__WORK TO COMPLETE__.
Give again, word for word, the lines below that run from the line with "fut toty|Equipa do" through the line with "Catalogo de Clave". Drop the pictures.
(Beginning of MATERIAL TO PROCESS)
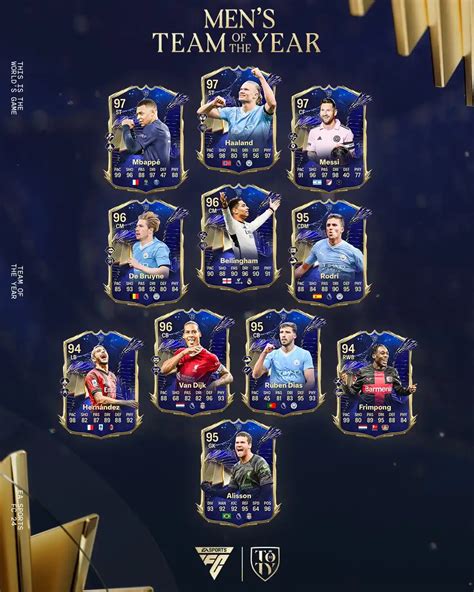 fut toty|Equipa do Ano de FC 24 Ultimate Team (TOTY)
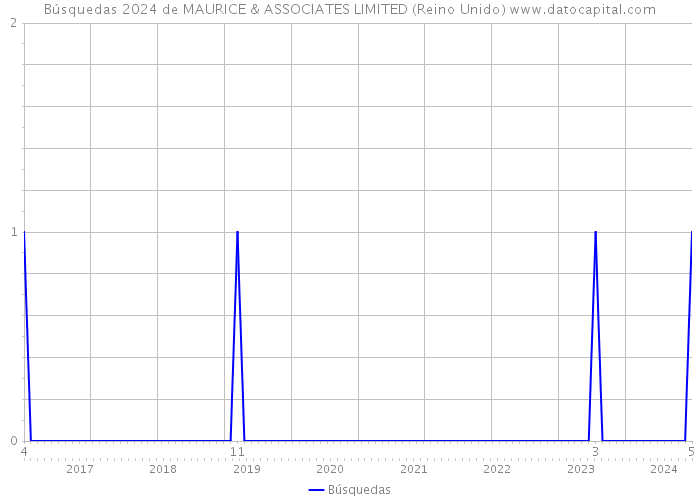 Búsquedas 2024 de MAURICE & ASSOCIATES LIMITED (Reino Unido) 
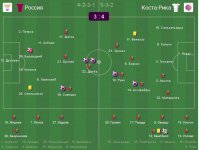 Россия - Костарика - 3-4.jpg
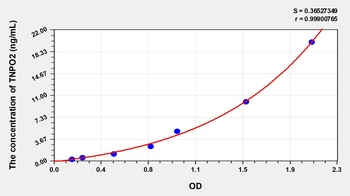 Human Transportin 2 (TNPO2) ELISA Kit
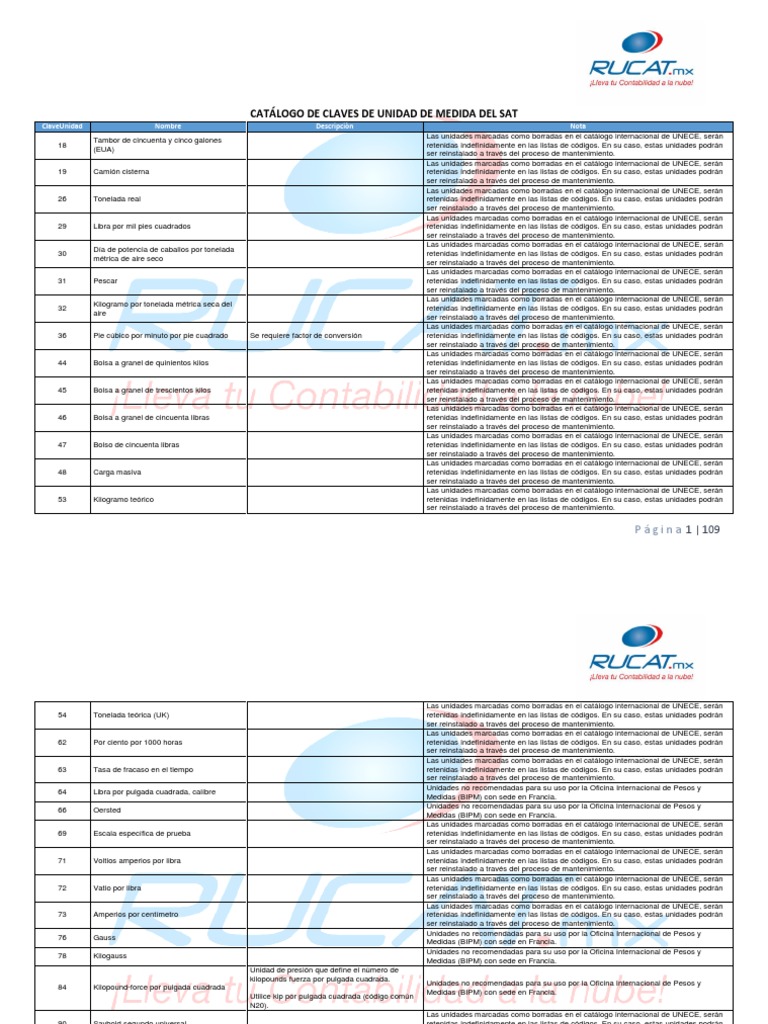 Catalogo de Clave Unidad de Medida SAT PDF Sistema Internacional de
(End of MATERIAL TO PROCESS)
(Beginning of MATERIAL TO PROCESS)
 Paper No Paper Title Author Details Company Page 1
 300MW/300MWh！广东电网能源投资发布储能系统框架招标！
(End of MATERIAL TO PROCESS)
__OUTPUT FOR THIS TASK__.
 fut toty|Equipa do Ano de FC 24 Ultimate Team (TOTY)
 Búsquedas 2024 de MAURICE & ASSOCIATES LIMITED (Reino Unido) 
 Россия - Костарика - 3-4.jpg
 Human Transportin 2 (TNPO2) ELISA Kit
 Catalogo de Clave Unidad de Medida SAT PDF Sistema Internacional de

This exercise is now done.